For some value of $A$, say $k$, it will have exactly one solution, and then for $A < k$ it will have $2$ solutions.
How can we work out $k$? And how can we solve for the two values of $x$ given a specific $A < k$?
Without any special function, consider that you look for ther zero of $$f(x)=A^x-x$$ It is simpler to take logarithms (assuming $x>0$) and consider $$g(x)=x \log(A)-\log(x)$$ $$g'(x)=\log(A)-\frac 1 x \qquad \text{and} \qquad g''(x)=\frac 1 {x ^2} ~>0~\forall x$$
The minimum of the function occurs at $$x_*=\frac 1{\log(A)}\implies g(x_*)=\log (\log (A))+1$$ In order to have two roots you need that $$\log (\log (A))+1 <1 \implies A < e^{\frac{1}{e}}=1.44467$$
Now, if $A< e^{\frac{1}{e}}$, the only explicit solutions are given in terms of Lambert function which is not elementary but simple.
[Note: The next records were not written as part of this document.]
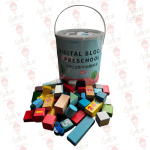 Balde bloques (52 pcs)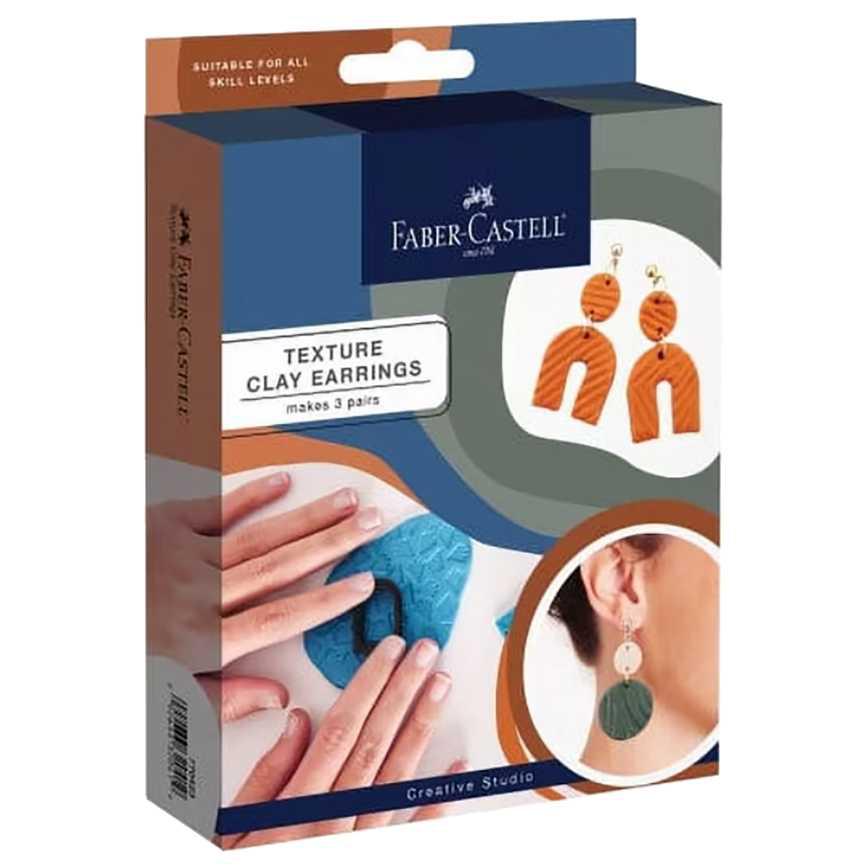 Faber-Castell Texture Clay Earrings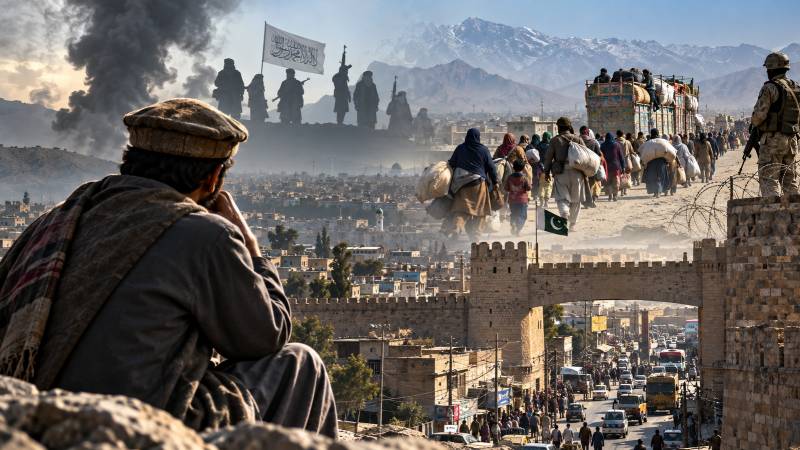 Peshawar Pays For Kabul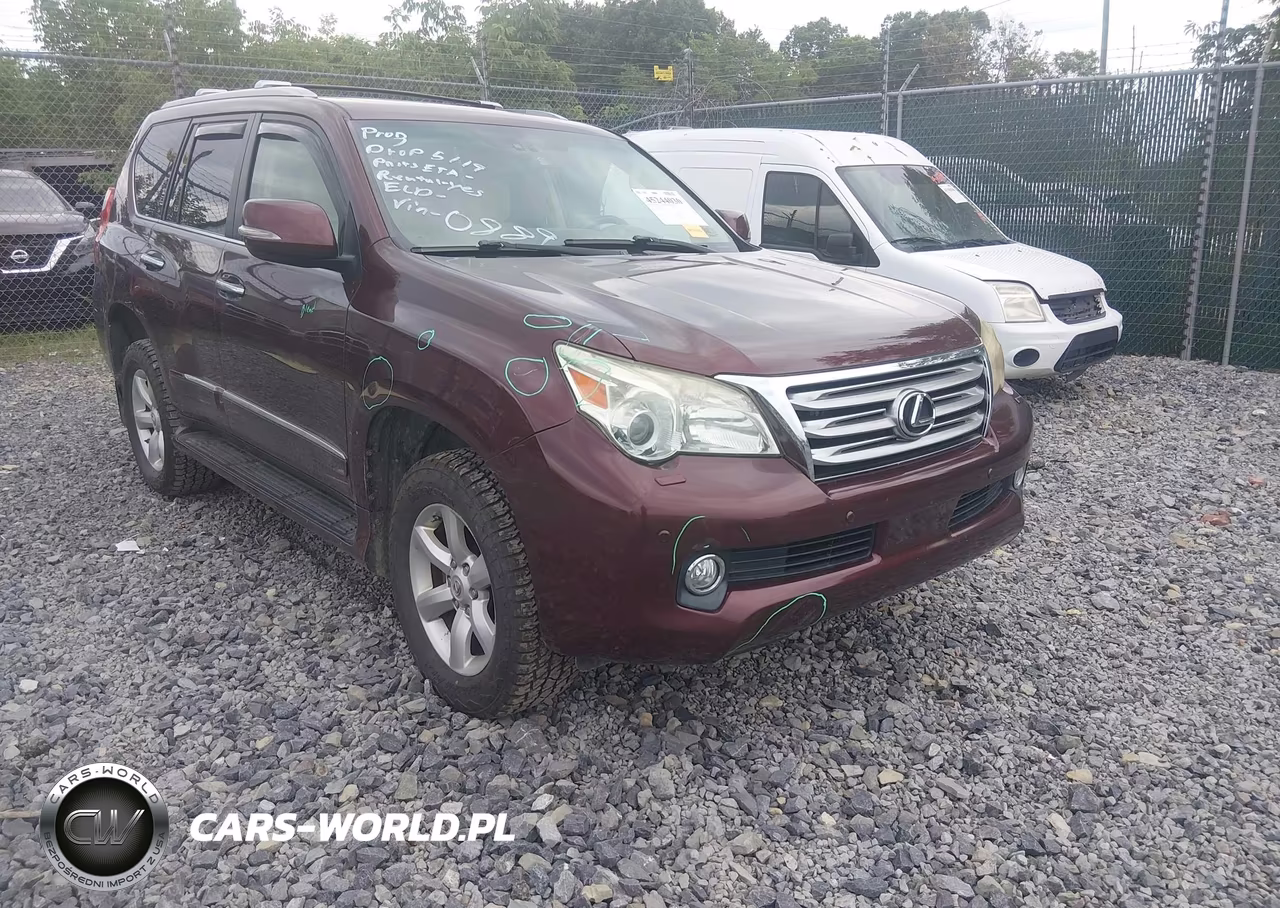 2010 Lexus Gx 460 Premium VIN:JTJJM7FX1A5008891 - 6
This function has a lot of applications (to give you an idea, just type Lambert of the search bar : $3932$ entries).
In the real domain the small and large solutions are $$x_1=-\frac{W_0(-\log (A))}{\log (A)} \qquad \text{and}\qquad x_2=-\frac{W_{-1}(-\log (A))}{\log (A)} $$ In the linked page, you will find a series of approximations for their computation.